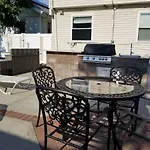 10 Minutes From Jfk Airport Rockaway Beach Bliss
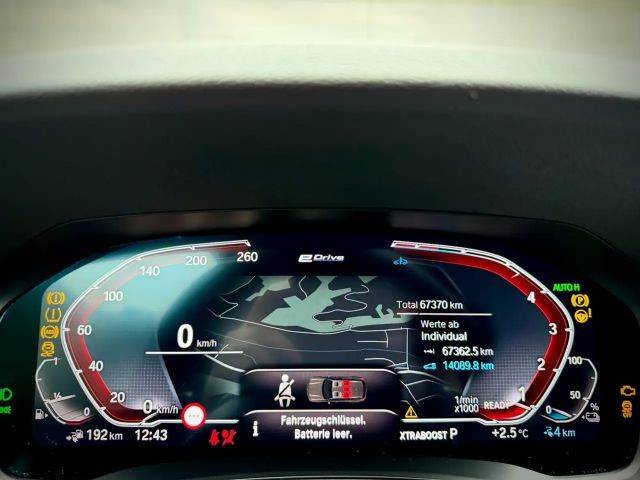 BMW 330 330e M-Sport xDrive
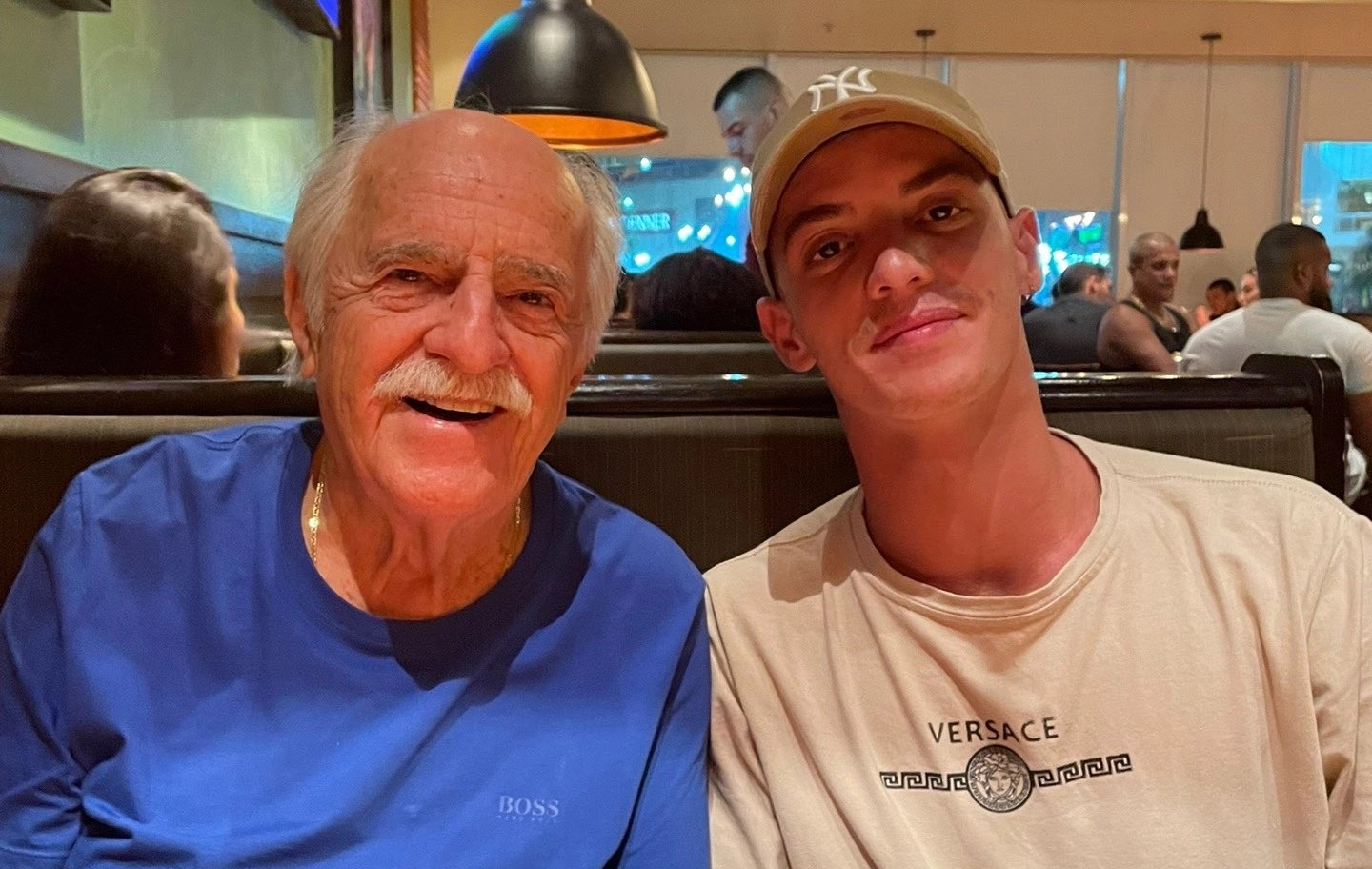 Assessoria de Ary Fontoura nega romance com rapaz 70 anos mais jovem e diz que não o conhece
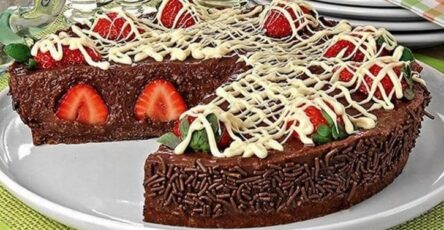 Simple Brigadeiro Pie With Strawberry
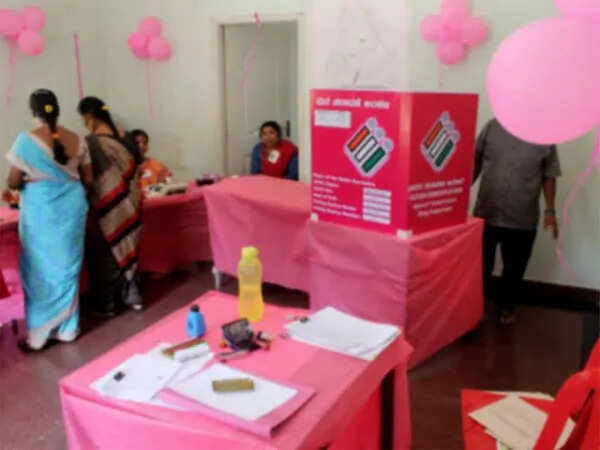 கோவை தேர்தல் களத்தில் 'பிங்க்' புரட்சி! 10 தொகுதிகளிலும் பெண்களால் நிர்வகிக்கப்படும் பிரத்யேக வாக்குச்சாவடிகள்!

___

The data must come back word for word, with every picture removed.

* _Response for this exercise_:
 10 Minutes From Jfk Airport Rockaway Beach Bliss
 BMW 330 330e M-Sport xDrive
 Assessoria de Ary Fontoura nega romance com rapaz 70 anos mais jovem e diz que não o conhece
 Simple Brigadeiro Pie With Strawberry
 கோவை தேர்தல் களத்தில் 'பிங்க்' புரட்சி! 10 தொகுதிகளிலும் பெண்களால் நிர்வகிக்கப்படும் பிரத்யேக வாக்குச்சாவடிகள்!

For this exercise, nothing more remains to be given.